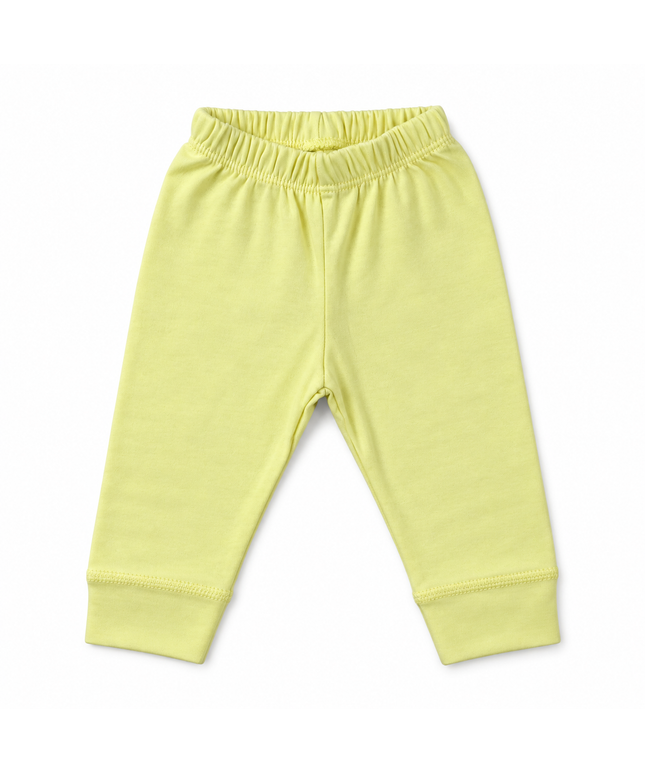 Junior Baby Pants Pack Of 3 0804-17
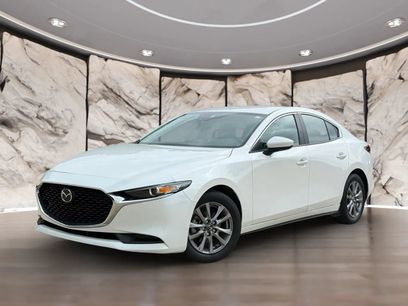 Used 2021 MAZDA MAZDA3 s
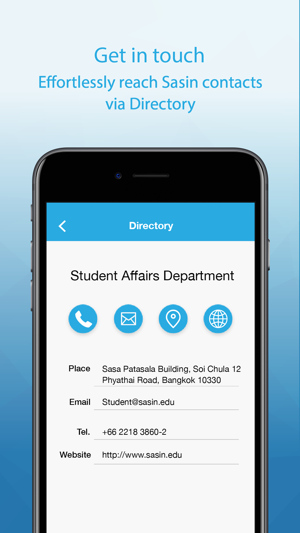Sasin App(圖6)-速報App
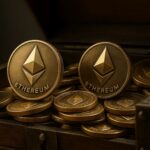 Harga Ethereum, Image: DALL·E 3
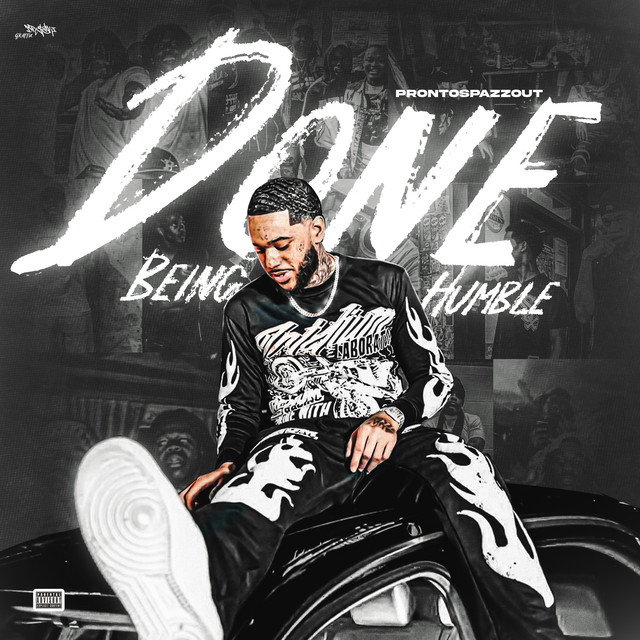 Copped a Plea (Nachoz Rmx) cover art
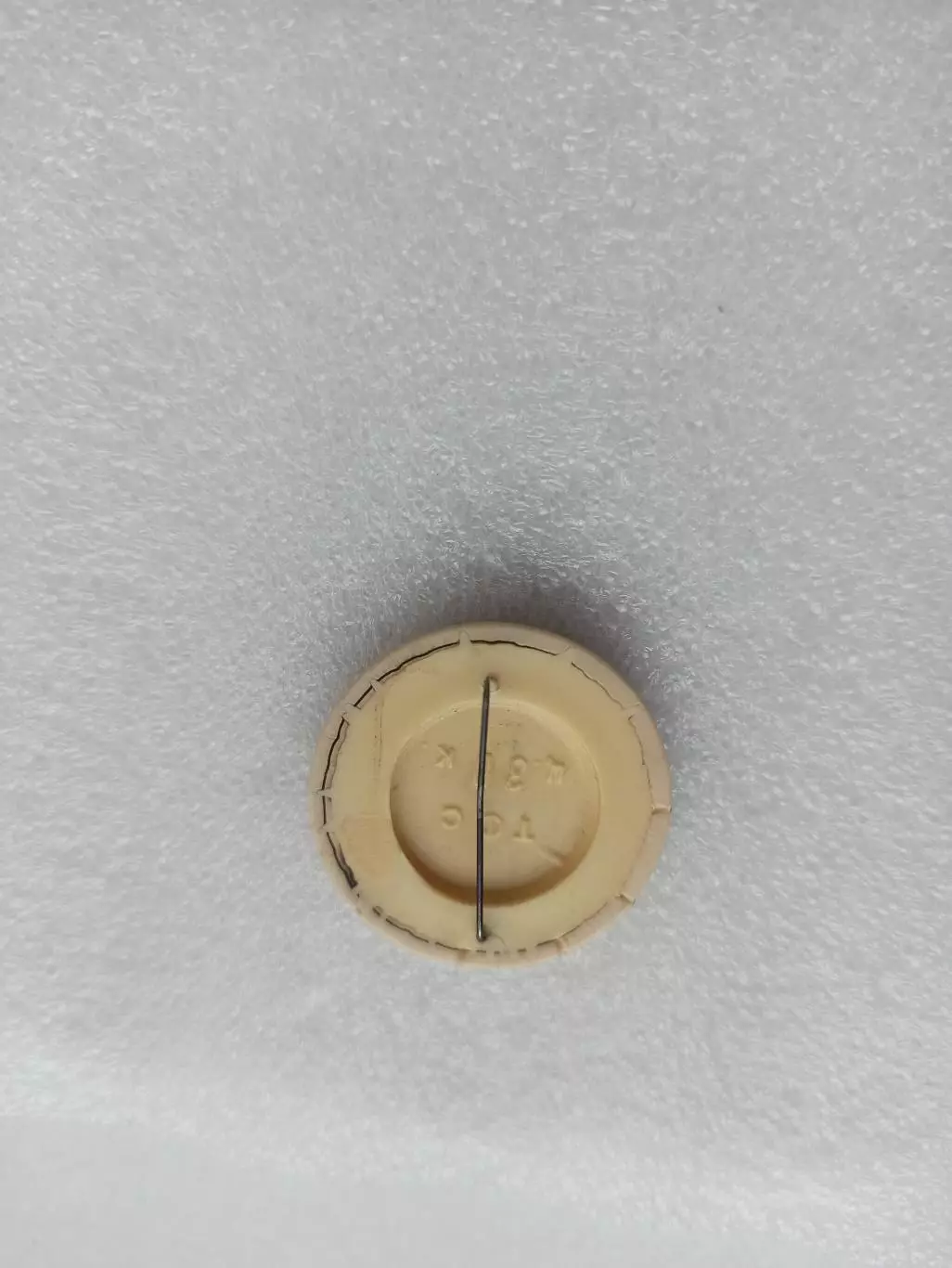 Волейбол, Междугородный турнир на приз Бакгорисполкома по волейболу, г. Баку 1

---

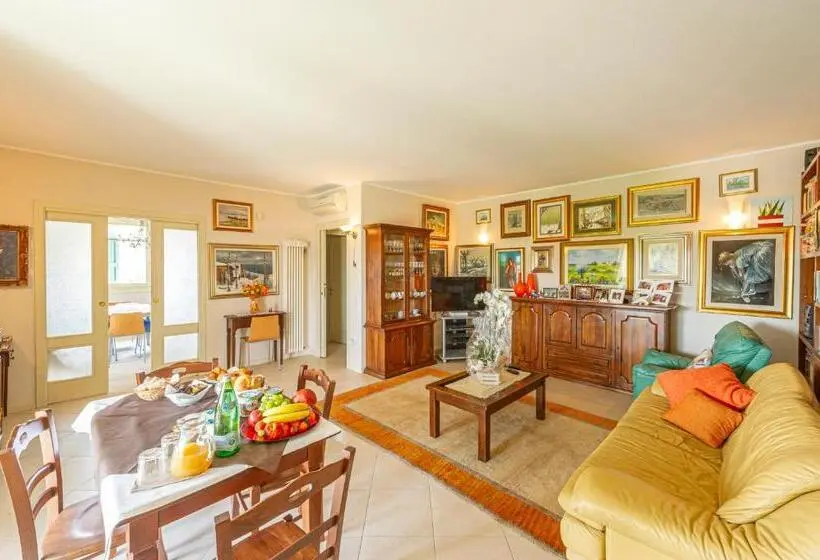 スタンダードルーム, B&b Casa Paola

_Aim of the exercise_
Would you please reproduce the entries above, starting at the line with "Junior Baby Pants Pack Of 3 0804-17" and stopping after the line with "Волейбол, Междугородный турнир"? Omit any pictures.

_Output below_
 Junior Baby Pants Pack Of 3 0804-17
 Used 2021 MAZDA MAZDA3 s
Sasin App(圖6)-速報App
 Harga Ethereum, Image: DALL·E 3
 Copped a Plea (Nachoz Rmx) cover art
 Волейбол, Междугородный турнир на приз Бакгорисполкома по волейболу, г. Баку 1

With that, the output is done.